■ WHAT THIS TASK INVOLVES
Each entry below must be given again word for word, with no pictures.

Short text fragments from websites:
··········

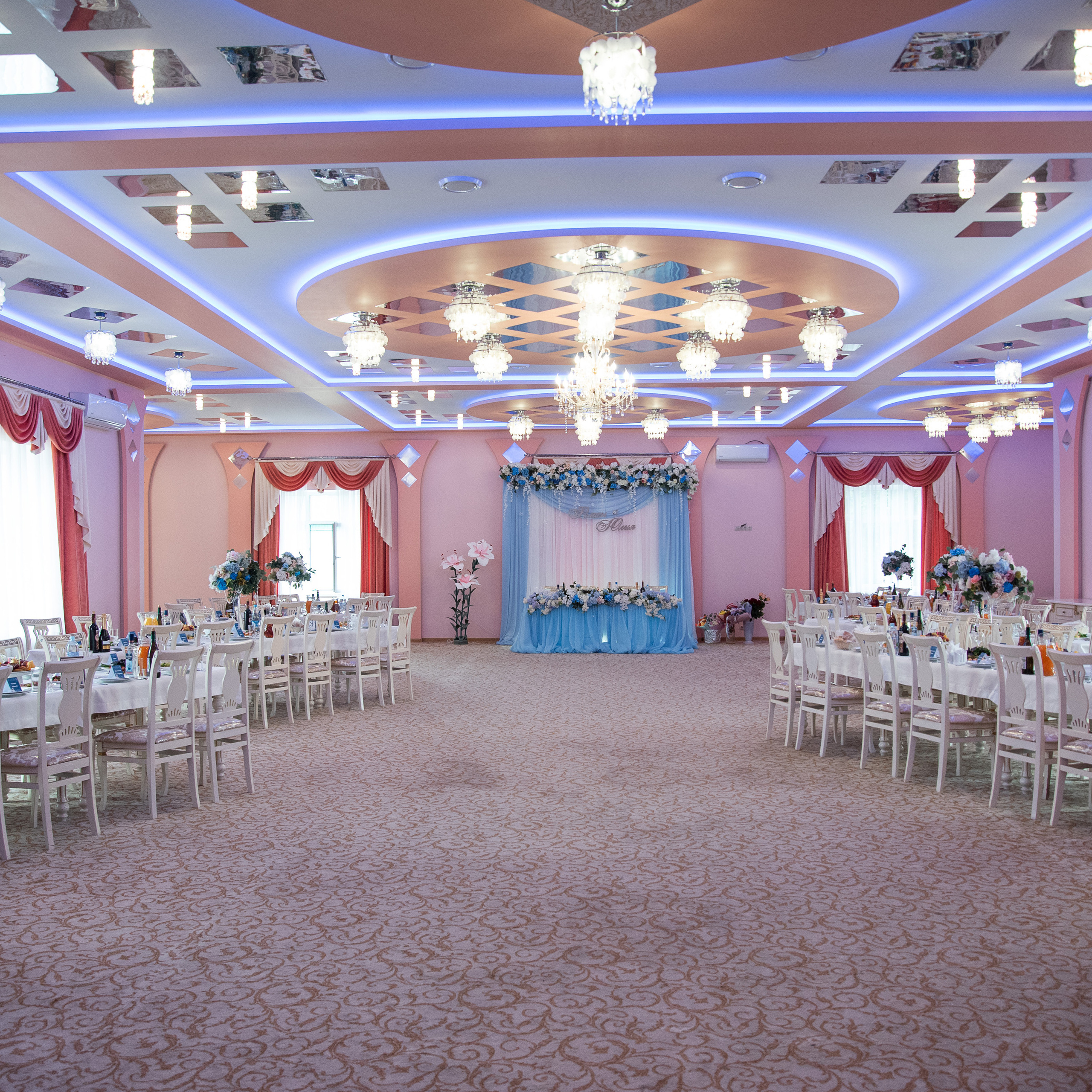 Рестораны для банкета. Свадебный фотограф, видеограф в Клину, Москве, Зеленограде, Калабушкин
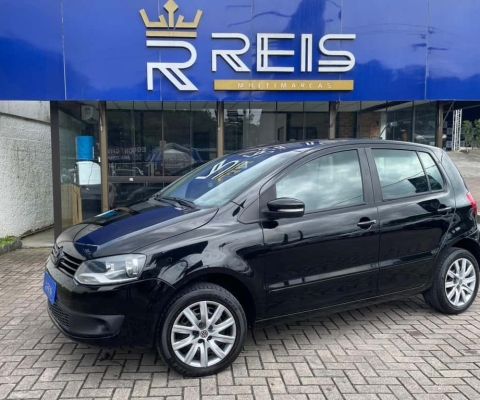 Volkswagen Fox 1.0 Mi Total Flex 8V 5p  - Preta - 2013/2014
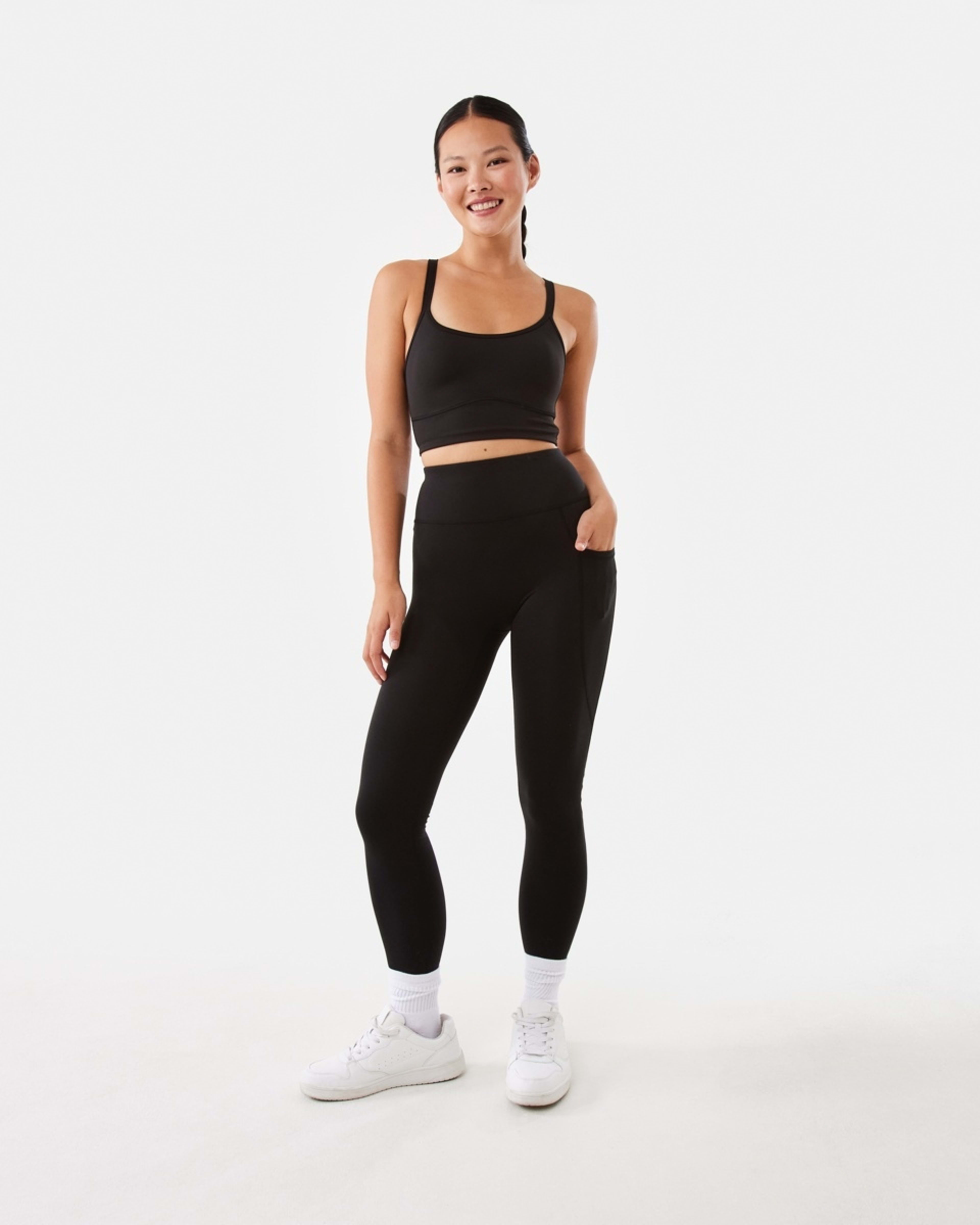2 Active Womens Moulded Crop Top BLACK, 2 of 8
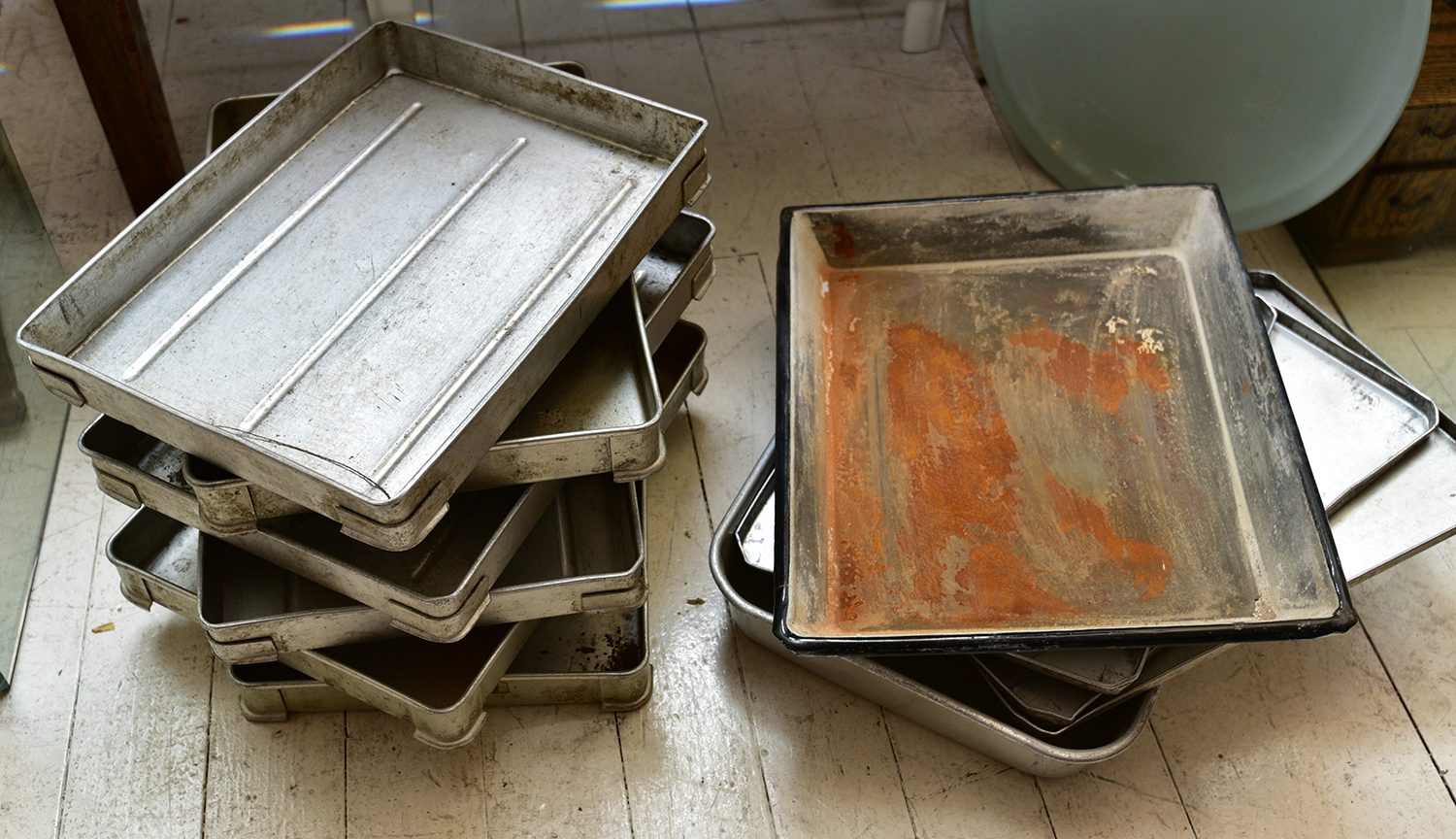 Appraisal: A QUANTITY OF ALUMINIUM AND ENAMELLED TRAYS h x w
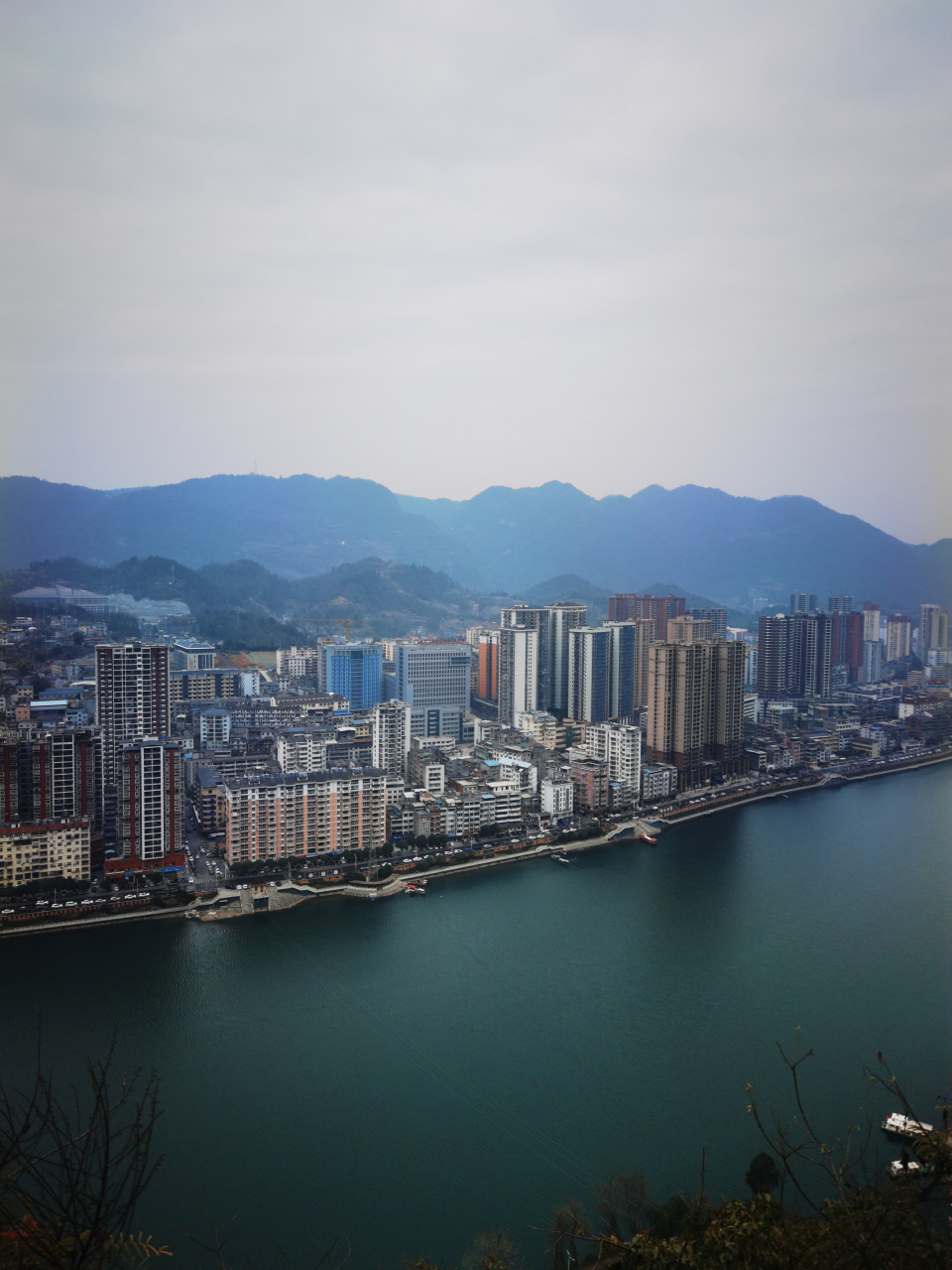 向王寨位于湖北省长阳土家族自治县龙舟坪镇何家坪村,整个寨子耸立于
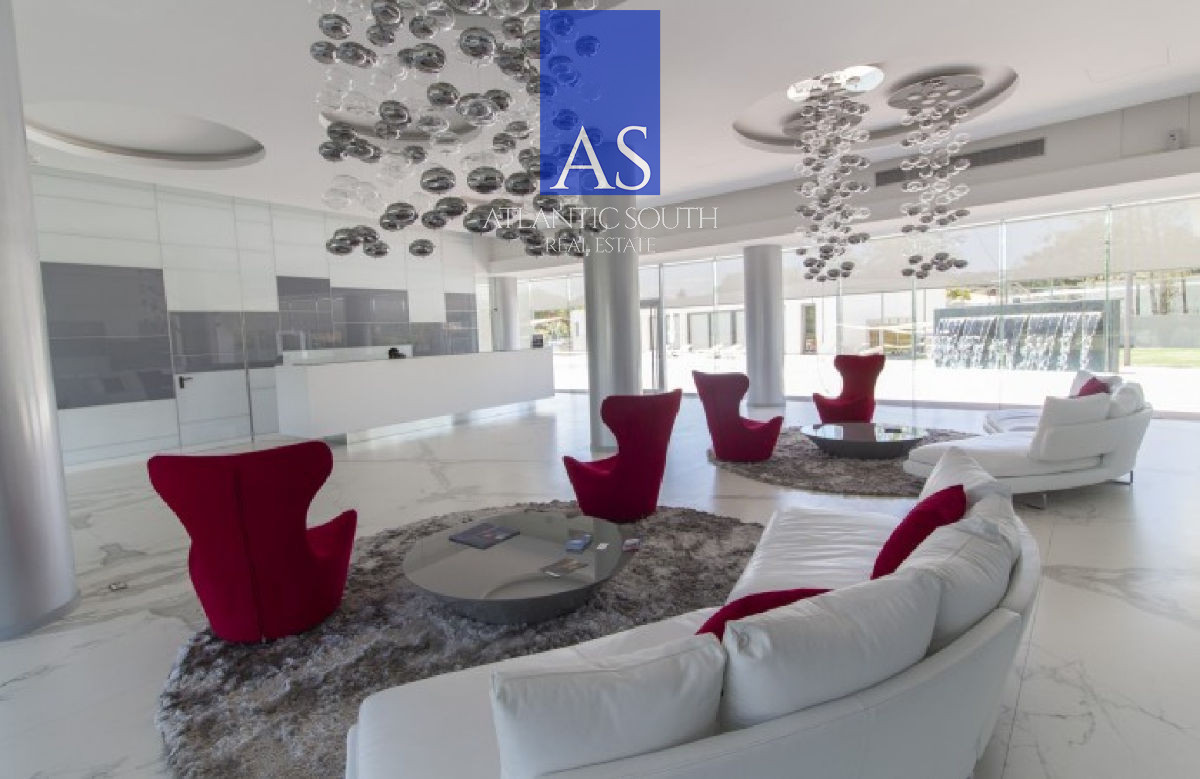 Apartamento ID.4138 - Apartamento moderno 2 suites garage servicios Playa Mansa Punta del Este
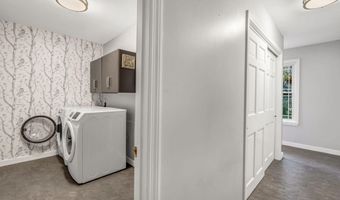 212 Vickery Rd, Auburn, ME 04210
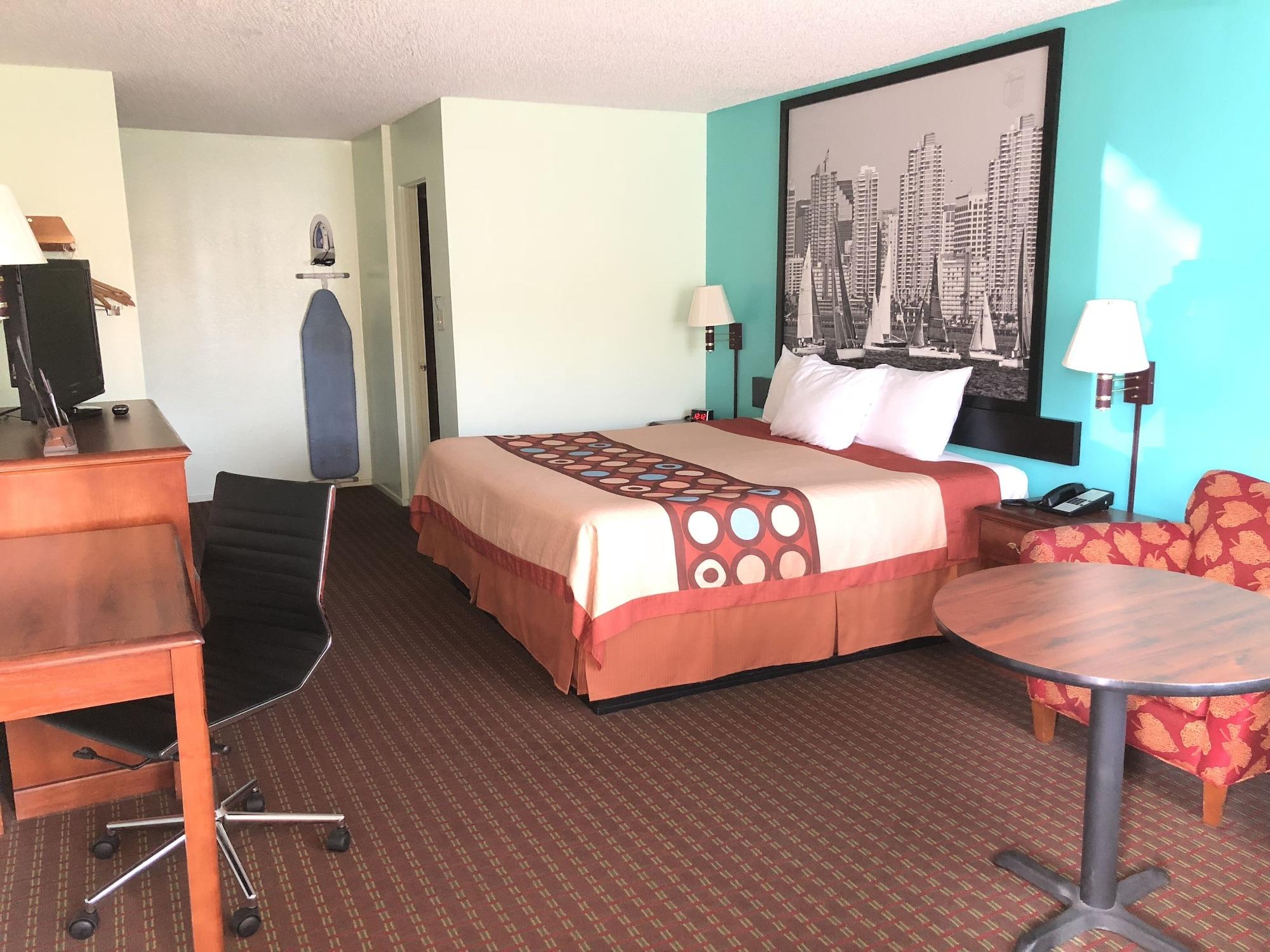 Super 8 by Wyndham Yreka Hotel Eksteriør billede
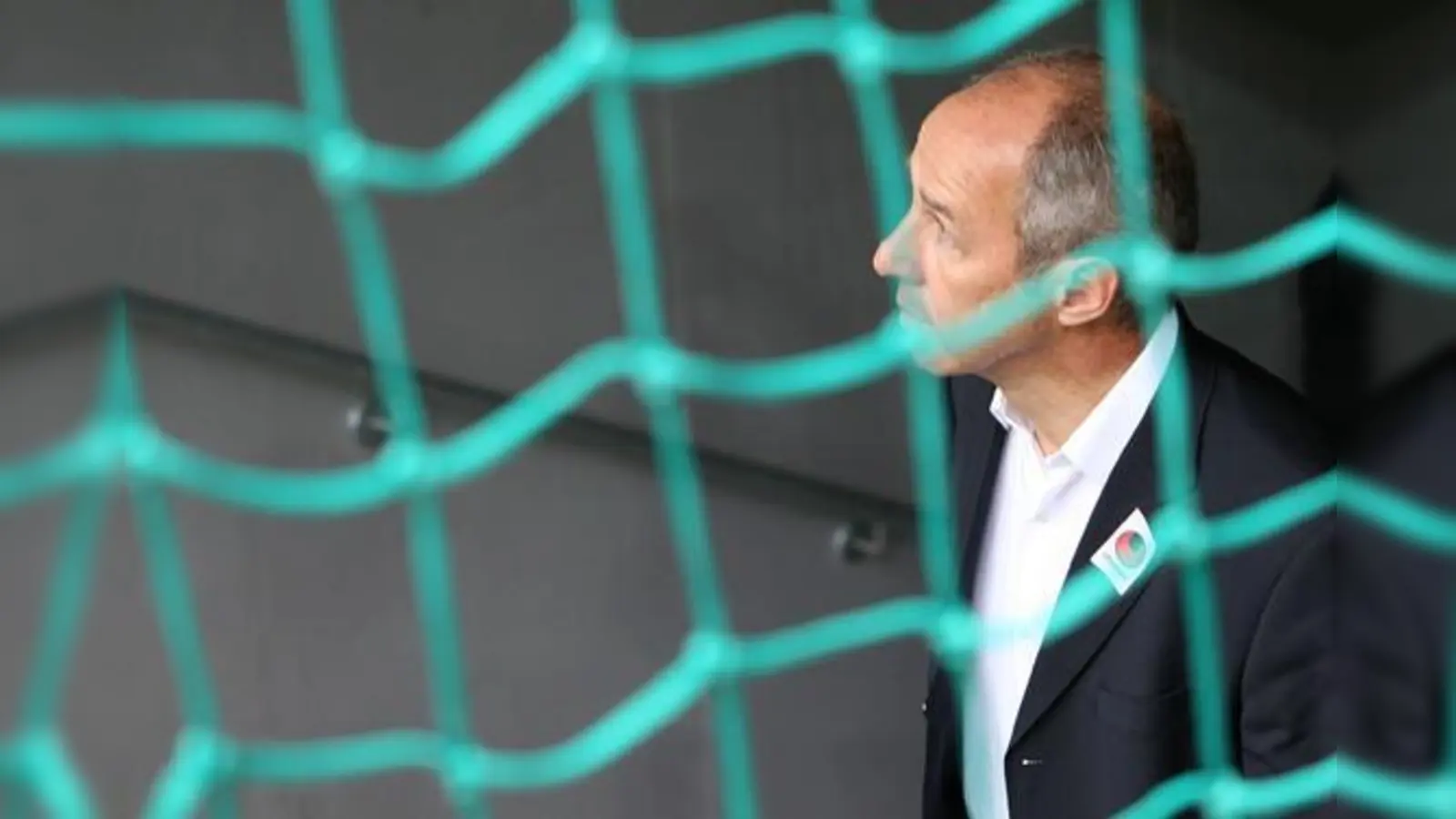Blickt nach oben: Löwencoach Reiner Maurer.  (Foto: A. Wild)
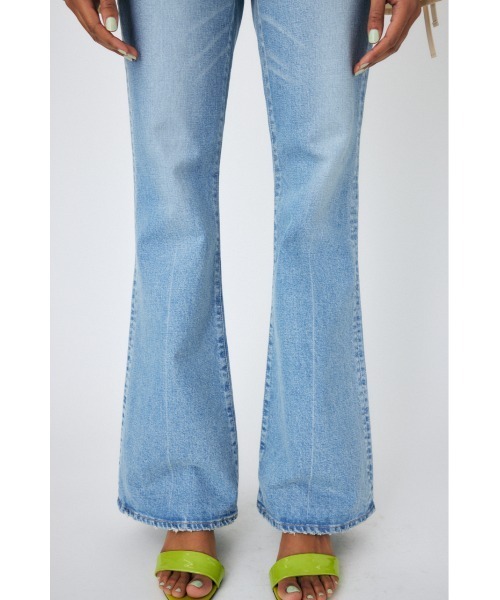 MOUSSY（マウジー）の「MVS L/BLU FLARE（デニムパンツ）」 - WEAR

··········

■ REPLY
 Рестораны для банкета. Свадебный фотограф, видеограф в Клину, Москве, Зеленограде, Калабушкин
 Volkswagen Fox 1.0 Mi Total Flex 8V 5p  - Preta - 2013/2014
2 Active Womens Moulded Crop Top BLACK, 2 of 8
 Appraisal: A QUANTITY OF ALUMINIUM AND ENAMELLED TRAYS h x w
 向王寨位于湖北省长阳土家族自治县龙舟坪镇何家坪村,整个寨子耸立于
 Apartamento ID.4138 - Apartamento moderno 2 suites garage servicios Playa Mansa Punta del Este
 212 Vickery Rd, Auburn, ME 04210
 Super 8 by Wyndham Yreka Hotel Eksteriør billede
Blickt nach oben: Löwencoach Reiner Maurer.  (Foto: A. Wild)
 MOUSSY（マウジー）の「MVS L/BLU FLARE（デニムパンツ）」 - WEAR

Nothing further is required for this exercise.